Autotune, although new at the time, was setting the course for a new musical landscape. Newcomers more aligned with the younger generations were encroaching on the foundation built by old heads like Jay. But the illustrious 15-track record brought together old and new, including Rihanna, Kanye West, super producers Timbaland and Pharrell alongside the new kids on the block: Kid Cudi, Drake and J.Cole.
Autobiographical in some parts and insightful in others, the LP was a reminder that the basic elements of music and hard-hitting rap was not a lost art and still appreciated. It was also an invaluable look into the mind of the man who would become one of hip-hop's first billionaires. In honor of the album's 10th anniversary, here is a look back at how one of music’s most iconic records came together.
Timbaland originally told MTV News that he was overseeing production for the album before Jay came out and refuted it. Speaking to Rolling Stone, Hov said: “If Timbaland makes ten great tracks then he produces the album, if Kanye West makes ten great tracks then he produces the album; if he makes three, I'll take three. I let the music dictate the direction. You know I love Timbaland, he is like a brother to me, but until the music is done it’s premature.”
Ultimately, Kanye helmed a majority of the opus with production credits on eight tracks off the 15-song record. He shared production work with other hip-hop heavyweights such as Swizz Beatz, No I.D., and the Neptunes.
The album almost leaked anyway, and by Jay himself: he nearly lost the recordings on a flight.
“The day I flew in from Hawaii [where BP3 was largely recorded], I was doing some recording, and I had an iPod in my pocket on a commercial flight from Hawaii to New York,” Jay told tech mogul Warren Buffett during a Forbes talk. “I had on jogging pants, and the iPod, with all the music I had recorded, [went] missing...it was on the plane somewhere.
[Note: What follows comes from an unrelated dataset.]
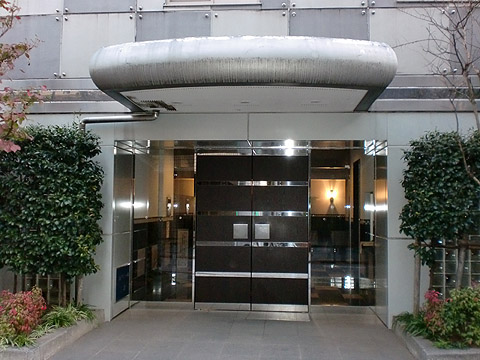 その他共用部　エントランス１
So I had to walk into the office the next day and buy an album that might leak the next day. So every day I would wake up and check all the internet places, for like three months.”
All three of his Timbaland-produced records, “Rumors,” “Off That,” and “Venus vs. Mars” surfaced on the Internet two weeks before the album’s release. It caused a rift between the two that many, even Timb himself, thought signaled the end of their friendship. The Virginia legend had to make amends with Hov, who admitted the leaks made their relationship “kinda weird” at the time. The superproducer revealed to MTV News that the tracks he worked on were stolen and leaked after his email was hacked.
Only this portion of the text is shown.